Architecture

Purpose

This document explains how Open Data Platform is structured, how data flows through it, and where each major responsibility lives.

Problem and Scope

The platform solves a common analytics delivery problem: ingesting external and internal data, transforming it into trusted datasets, publishing metadata, and serving decision-ready outputs.

In-scope:

  • Batch ingestion and transformation
  • Metadata and lineage publication
  • BI serving and operator workflows
  • Platform observability and QA controls

Out-of-scope:

  • Real-time event streaming as a first-class pipeline pattern
  • Multi-tenant isolation model
  • Production-grade HA guarantees for all services

System Context

flowchart LR
  Users["Data Engineers / Analysts / Platform Ops"] --> Portal["Frontend Portal"]
  Users --> AirflowUI["Airflow UI"]
  Users --> SupersetUI["Superset UI"]
  Users --> DataHubUI["DataHub UI"]

  External["External Data APIs and Feeds\nCBS, Adzuna, UWV, RSS, Sitemap"] --> Pipelines["Pipelines and Connectors"]

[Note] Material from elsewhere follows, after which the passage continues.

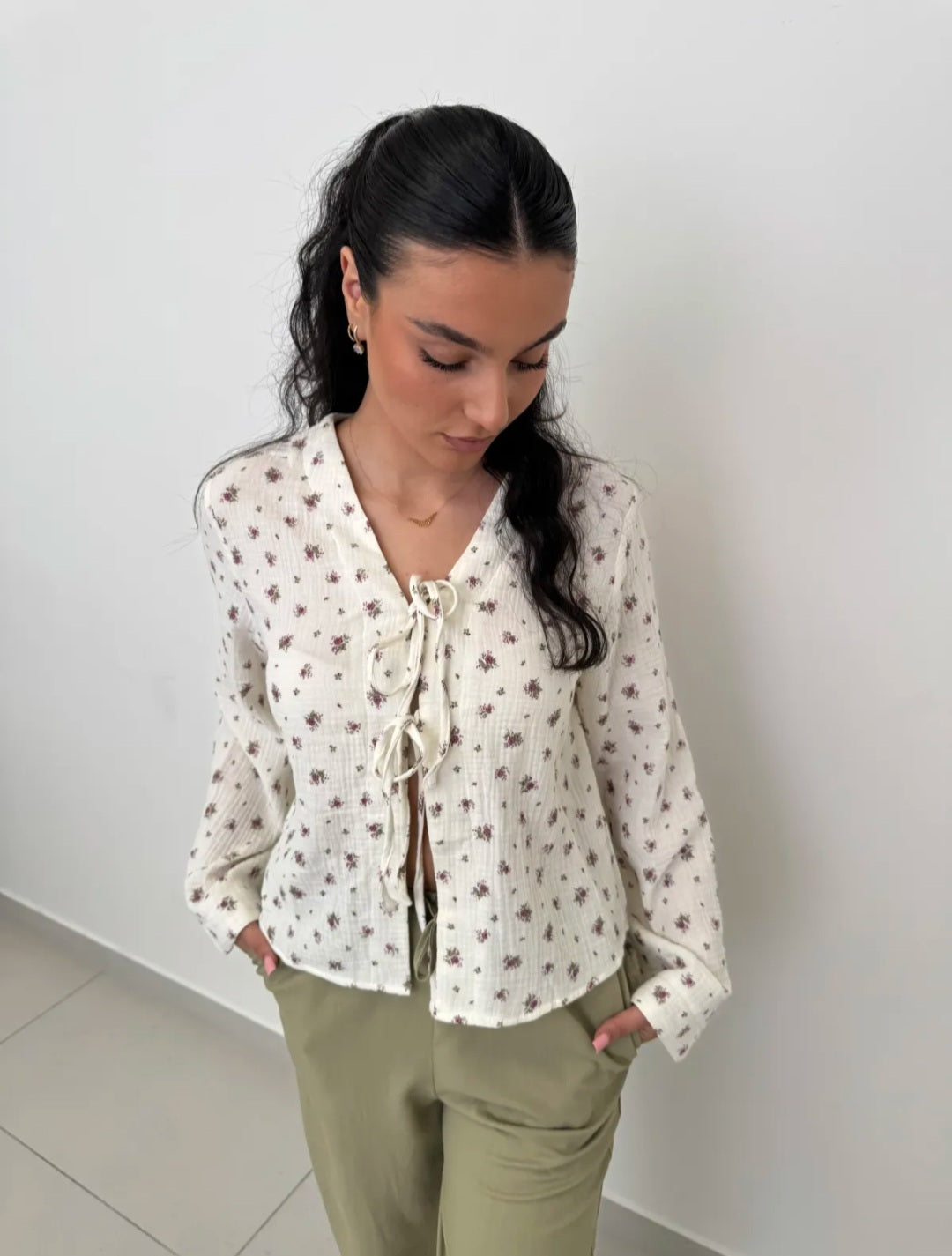 Musselin Schleifenbluse Blumi Bordeaux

  Pipelines --> Lakehouse["Lakehouse Storage\nMinIO Bronze/Silver/Gold"]
  Pipelines --> Warehouse["Postgres Warehouse"]
  Pipelines --> Metadata["DataHub Metadata Platform"]

  Warehouse --> SupersetUI
  Metadata --> DataHubUI

  Pipelines --> O11y["OpenTelemetry + Prometheus/Loki/Tempo"]
  AirflowUI --> O11y
  Warehouse --> O11y

Component View

Operator Plane

  • Frontend (frontend/): React launchpad linking all platform surfaces
  • Airflow UI: DAG operations and task-level monitoring
  • DataHub UI: metadata catalog and lineage exploration
  • Superset UI: BI dashboards and ad hoc query surface
  • Grafana: observability dashboards

Control Plane

  • DAGs (dags/): orchestration definitions
  • Airflow scheduler/webserver/init jobs
  • QA suites in tests/ for quality, contracts, governance, and E2E validation

Data Plane

  • MinIO: bronze, silver, gold buckets for medallion layering
  • Postgres warehouse: serving tables and dbt outputs
  • DataHub: GMS + Kafka + Elasticsearch + MySQL for metadata operations

Supporting Plane

  • Observability stack in ops/observability/
  • Keycloak realm and SSO config in ops/keycloak/
  • Portal API telemetry endpoints

Runtime Data Flow

The primary domain flow implemented today is odp_staffing_demand.

flowchart TD
  A["CBS / Adzuna / UWV"] --> B["Bronze tables"]
  B --> C["Silver tables"]
  C --> D["Gold tables"]
  D --> E["Postgres warehouse schema: odp_staffing_demand"]
  E --> F["Superset dashboards"]

  D --> G["dbt models"]
  G --> E

  C --> H["Data quality checks"]
  D --> H
  E --> H

Metadata and Governance Flow

flowchart LR
  Schema["schema/*.yaml + warehouse.dbml"] --> Validators["Validation scripts"]
  Validators --> CI["GitHub Actions"]

  Warehouse["Postgres warehouse"] --> CatalogScript["register_datahub_catalog.py"]
  Schema --> SyncScript["sync_dbml_to_datahub.py"]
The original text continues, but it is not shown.